Because my job involves talking to people, or more importantly getting them to talk to me, I bought the book.
The author, Leil Lowndes, also wrote "How to Make Anyone Fall in Love with You." I think the author may have used some crossover material from her other book in this one because trick No. 3 is "How to use your eyes to make someone fall in love with you."
She said to use "epoxy eyes" - keeping your eyes glued on the person you want to fall in love with you.
However, that didn't work for me in junior high when I tried to get some boy's attention by camping out near his locker before homeroom and epoxying my eyes on him until the bell rang. He never fell in love or even talked with me.
The author spends a lot of ink on the art of small talk. She said it's not about the words you use as much as it is about putting people at ease. You do that, she said, by convincing people that "they are OK and that the two of you are similar. When you do that, you break down the walls of fear, suspicion and mistrust."

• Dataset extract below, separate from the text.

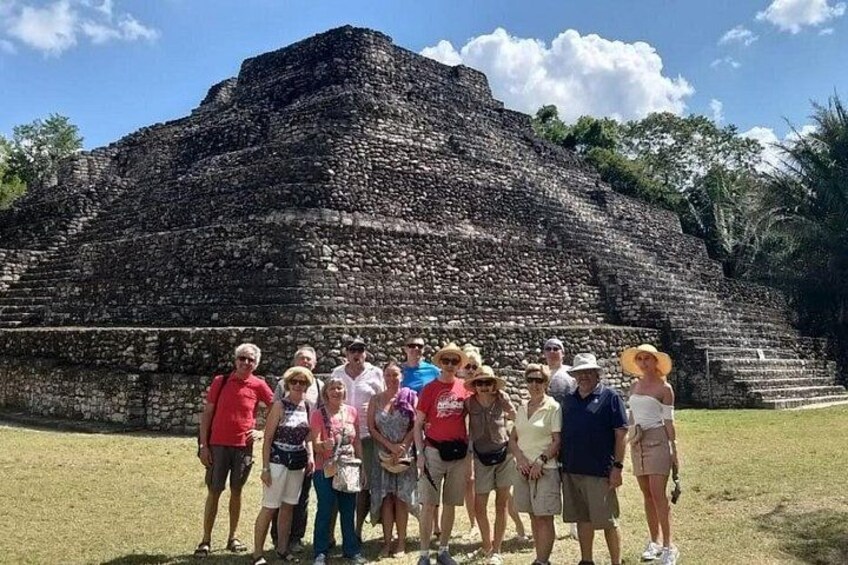 Eine Gruppe von Menschen steht vor einer großen, alten Pyramide aus Stein. 2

Lowndes said the best small talk is actually the simplest. "Where are you from?" "What did you think of yesterday's football game?" "How do you know the (party host)?"

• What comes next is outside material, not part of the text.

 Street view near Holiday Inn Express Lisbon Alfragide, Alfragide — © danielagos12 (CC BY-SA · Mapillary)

She said anything you say is fine as long as it's not complaining, rude or unpleasant, because that instantly labels you as a whiner or a creep, or worse.

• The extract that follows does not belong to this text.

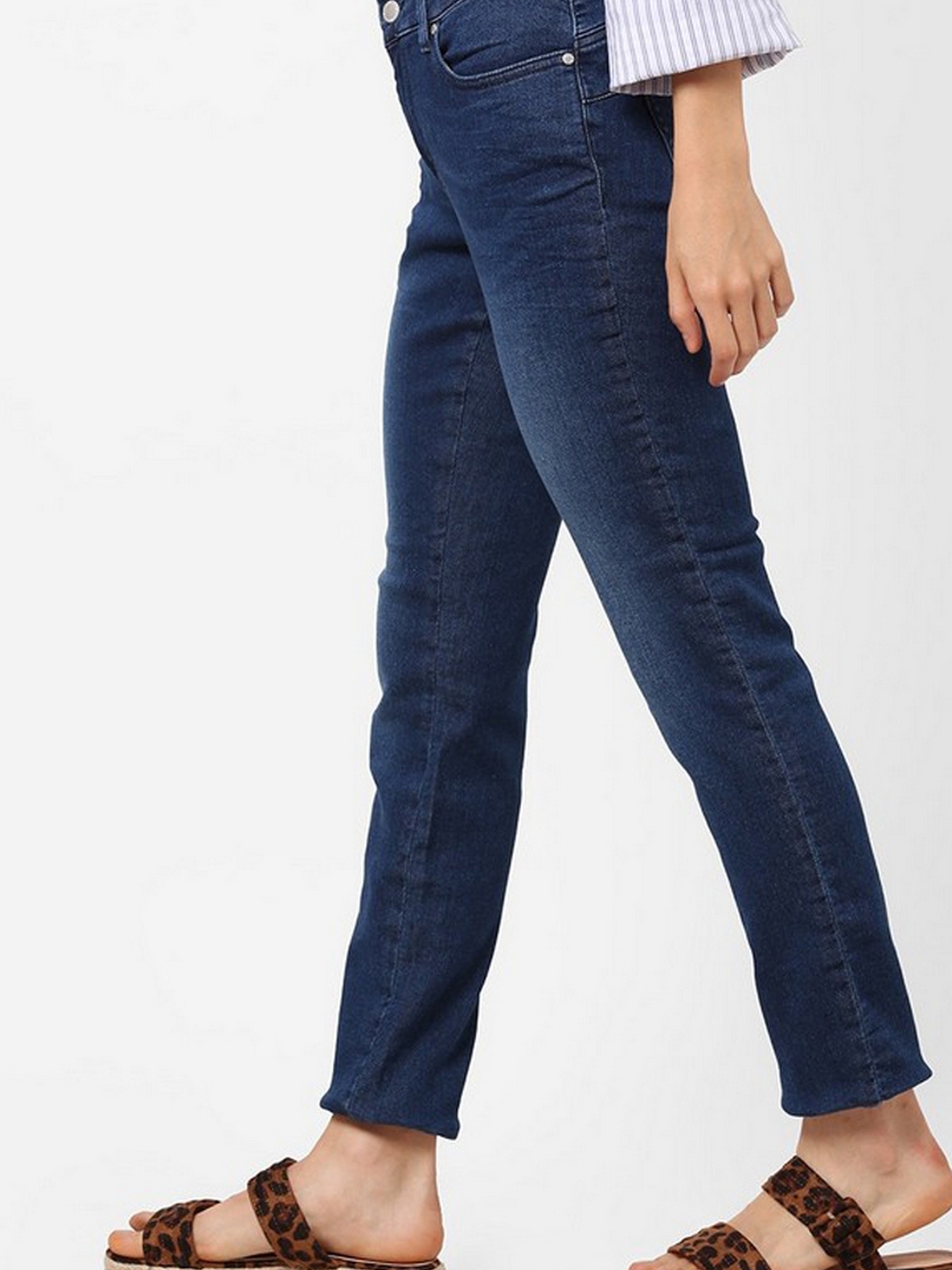 Women's medium wash slim fit Britty up motion jeans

The whole book was less about learning tricks to fake your way in conversations as it was about learning to make others comfortable in conversing with you.
Point: It's about the other person.
Lately, that seems to be a fading concept. The current buzzword these days is "civility," as in "Whatever happened to it?" People today aren't civil in their communication, at least not initially. Just spend a day answering phones here at the newspaper. Or ask a customer service rep from any company how her day went and you're bound to get an earful.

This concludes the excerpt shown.